Each line of the data that mentions the string "شركة" needs to be identified and copied.
***** RECORDED DATA
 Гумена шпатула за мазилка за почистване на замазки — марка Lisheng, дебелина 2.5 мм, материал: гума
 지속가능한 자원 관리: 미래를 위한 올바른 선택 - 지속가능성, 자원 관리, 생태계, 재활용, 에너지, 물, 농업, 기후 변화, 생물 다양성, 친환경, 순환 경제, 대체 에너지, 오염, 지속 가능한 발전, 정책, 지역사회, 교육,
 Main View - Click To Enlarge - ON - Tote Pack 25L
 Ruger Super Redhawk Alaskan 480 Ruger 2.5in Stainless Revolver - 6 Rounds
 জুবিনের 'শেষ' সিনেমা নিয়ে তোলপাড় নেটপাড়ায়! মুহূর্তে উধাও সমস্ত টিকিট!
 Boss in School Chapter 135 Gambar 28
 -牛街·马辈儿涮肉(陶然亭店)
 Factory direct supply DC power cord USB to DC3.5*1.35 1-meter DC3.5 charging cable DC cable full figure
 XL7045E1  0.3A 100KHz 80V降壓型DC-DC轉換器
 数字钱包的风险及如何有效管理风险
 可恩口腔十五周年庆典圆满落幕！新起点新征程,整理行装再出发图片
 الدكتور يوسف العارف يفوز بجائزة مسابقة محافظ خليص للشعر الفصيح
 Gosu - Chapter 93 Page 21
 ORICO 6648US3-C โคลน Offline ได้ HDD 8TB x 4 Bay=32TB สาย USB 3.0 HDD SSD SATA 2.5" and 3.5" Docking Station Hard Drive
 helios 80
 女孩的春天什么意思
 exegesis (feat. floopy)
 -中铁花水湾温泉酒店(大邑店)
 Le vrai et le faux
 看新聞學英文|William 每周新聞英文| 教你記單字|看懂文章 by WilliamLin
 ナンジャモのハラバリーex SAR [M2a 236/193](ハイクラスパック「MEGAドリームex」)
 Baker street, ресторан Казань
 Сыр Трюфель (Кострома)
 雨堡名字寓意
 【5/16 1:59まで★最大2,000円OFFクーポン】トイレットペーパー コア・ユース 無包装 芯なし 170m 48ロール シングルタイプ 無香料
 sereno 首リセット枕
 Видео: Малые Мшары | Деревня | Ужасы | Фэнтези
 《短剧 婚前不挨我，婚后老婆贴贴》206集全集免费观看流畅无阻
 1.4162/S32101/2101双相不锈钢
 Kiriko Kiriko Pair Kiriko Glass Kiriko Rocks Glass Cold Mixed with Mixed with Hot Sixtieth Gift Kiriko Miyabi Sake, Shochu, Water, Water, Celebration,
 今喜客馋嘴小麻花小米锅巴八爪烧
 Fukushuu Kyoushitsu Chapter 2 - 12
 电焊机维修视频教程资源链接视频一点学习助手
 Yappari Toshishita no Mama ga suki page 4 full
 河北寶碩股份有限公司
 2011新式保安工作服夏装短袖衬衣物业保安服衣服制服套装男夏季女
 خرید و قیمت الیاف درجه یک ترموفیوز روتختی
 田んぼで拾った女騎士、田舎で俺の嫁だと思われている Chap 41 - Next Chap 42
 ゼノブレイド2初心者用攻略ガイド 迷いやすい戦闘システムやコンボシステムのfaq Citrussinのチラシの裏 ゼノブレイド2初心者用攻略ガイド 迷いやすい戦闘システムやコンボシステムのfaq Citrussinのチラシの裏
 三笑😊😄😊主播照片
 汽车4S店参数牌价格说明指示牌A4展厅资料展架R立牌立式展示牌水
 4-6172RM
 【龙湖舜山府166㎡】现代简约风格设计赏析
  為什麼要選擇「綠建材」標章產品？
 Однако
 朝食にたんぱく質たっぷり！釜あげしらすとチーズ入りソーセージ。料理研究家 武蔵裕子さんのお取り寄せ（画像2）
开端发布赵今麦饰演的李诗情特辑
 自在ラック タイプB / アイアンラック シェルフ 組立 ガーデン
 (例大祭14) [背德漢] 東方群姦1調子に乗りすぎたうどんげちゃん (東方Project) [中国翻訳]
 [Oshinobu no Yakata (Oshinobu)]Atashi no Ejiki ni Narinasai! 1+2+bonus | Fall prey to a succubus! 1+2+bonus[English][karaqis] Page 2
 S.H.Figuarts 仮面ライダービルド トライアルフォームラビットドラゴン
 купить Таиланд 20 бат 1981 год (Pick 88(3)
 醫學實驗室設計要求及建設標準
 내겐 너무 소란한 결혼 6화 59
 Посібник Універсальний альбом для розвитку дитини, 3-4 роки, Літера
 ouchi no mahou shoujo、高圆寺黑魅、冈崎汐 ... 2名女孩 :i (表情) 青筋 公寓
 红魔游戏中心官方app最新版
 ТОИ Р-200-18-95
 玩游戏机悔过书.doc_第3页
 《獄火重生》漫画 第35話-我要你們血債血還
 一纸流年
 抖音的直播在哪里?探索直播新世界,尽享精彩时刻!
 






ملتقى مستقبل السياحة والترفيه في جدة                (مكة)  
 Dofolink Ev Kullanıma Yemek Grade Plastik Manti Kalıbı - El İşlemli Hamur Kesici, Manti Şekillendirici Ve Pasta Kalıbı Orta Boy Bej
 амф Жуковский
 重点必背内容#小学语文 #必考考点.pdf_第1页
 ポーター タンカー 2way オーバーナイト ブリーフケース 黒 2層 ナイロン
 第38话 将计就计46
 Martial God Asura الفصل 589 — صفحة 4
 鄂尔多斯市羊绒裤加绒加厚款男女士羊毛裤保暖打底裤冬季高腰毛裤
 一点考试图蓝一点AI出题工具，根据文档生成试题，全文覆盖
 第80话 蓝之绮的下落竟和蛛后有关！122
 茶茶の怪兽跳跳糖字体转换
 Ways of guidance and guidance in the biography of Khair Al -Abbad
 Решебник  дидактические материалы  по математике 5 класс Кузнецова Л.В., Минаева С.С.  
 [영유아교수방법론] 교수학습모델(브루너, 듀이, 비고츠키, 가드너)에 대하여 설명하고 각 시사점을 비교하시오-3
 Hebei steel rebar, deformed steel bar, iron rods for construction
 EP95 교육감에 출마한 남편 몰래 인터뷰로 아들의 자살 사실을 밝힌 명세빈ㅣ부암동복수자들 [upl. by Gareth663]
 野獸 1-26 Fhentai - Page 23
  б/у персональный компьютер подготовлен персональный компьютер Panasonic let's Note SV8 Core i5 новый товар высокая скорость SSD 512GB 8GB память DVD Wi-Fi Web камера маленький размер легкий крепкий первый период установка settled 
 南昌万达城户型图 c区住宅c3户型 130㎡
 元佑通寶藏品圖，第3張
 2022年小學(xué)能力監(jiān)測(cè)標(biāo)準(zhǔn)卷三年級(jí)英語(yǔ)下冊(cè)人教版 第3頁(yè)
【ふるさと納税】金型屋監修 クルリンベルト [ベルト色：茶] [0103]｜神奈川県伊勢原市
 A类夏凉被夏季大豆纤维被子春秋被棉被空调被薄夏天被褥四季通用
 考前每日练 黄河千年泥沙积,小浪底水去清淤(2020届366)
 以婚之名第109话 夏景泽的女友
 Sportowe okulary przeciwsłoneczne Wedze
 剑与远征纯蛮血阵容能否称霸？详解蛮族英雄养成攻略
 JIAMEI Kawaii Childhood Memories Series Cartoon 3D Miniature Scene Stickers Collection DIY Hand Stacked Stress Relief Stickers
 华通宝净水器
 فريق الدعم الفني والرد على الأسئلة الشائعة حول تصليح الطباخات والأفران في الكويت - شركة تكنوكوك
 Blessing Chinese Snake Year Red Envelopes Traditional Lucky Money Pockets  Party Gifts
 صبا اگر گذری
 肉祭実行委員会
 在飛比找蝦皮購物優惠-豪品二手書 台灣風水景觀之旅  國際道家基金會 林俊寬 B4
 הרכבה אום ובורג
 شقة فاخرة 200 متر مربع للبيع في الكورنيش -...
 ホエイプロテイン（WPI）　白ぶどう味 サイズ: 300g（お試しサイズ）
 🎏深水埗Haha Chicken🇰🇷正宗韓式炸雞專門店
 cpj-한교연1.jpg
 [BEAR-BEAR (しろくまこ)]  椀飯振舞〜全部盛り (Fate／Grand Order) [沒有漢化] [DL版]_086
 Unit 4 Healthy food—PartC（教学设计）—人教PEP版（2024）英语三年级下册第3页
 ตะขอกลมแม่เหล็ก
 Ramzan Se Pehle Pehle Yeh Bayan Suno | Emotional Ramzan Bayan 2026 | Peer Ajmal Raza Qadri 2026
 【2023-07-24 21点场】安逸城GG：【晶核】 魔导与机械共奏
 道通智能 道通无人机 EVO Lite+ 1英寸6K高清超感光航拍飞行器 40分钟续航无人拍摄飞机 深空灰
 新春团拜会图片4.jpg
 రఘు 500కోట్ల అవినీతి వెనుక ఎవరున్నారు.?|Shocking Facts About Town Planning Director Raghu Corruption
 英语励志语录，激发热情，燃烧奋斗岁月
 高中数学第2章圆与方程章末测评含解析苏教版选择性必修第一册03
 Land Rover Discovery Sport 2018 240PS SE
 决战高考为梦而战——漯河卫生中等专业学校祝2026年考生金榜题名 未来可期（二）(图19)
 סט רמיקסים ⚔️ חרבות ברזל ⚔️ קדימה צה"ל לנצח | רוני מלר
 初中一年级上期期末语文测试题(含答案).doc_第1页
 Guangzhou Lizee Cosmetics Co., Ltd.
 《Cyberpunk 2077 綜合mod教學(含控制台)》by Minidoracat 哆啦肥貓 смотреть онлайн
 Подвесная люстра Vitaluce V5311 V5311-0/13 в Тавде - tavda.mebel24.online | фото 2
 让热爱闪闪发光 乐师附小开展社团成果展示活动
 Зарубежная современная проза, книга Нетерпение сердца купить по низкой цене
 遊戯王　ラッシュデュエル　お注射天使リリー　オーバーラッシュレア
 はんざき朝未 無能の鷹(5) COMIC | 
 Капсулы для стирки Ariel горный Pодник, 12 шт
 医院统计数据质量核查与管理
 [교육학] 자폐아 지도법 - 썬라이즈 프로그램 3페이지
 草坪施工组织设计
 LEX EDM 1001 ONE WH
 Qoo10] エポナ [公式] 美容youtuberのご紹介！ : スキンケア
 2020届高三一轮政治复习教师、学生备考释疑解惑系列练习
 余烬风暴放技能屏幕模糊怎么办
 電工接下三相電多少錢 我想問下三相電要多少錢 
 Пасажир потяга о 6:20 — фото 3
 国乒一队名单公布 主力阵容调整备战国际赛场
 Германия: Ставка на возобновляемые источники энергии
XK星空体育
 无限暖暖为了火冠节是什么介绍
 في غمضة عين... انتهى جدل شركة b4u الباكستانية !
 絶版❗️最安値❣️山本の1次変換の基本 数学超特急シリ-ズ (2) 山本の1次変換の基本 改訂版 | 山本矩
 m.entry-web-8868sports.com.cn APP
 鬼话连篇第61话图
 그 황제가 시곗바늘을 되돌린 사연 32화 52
**********
COMPLETED EXERCISE:
 فريق الدعم الفني والرد على الأسئلة الشائعة حول تصليح الطباخات والأفران في الكويت - شركة تكنوكوك
 في غمضة عين... انتهى جدل شركة b4u الباكستانية !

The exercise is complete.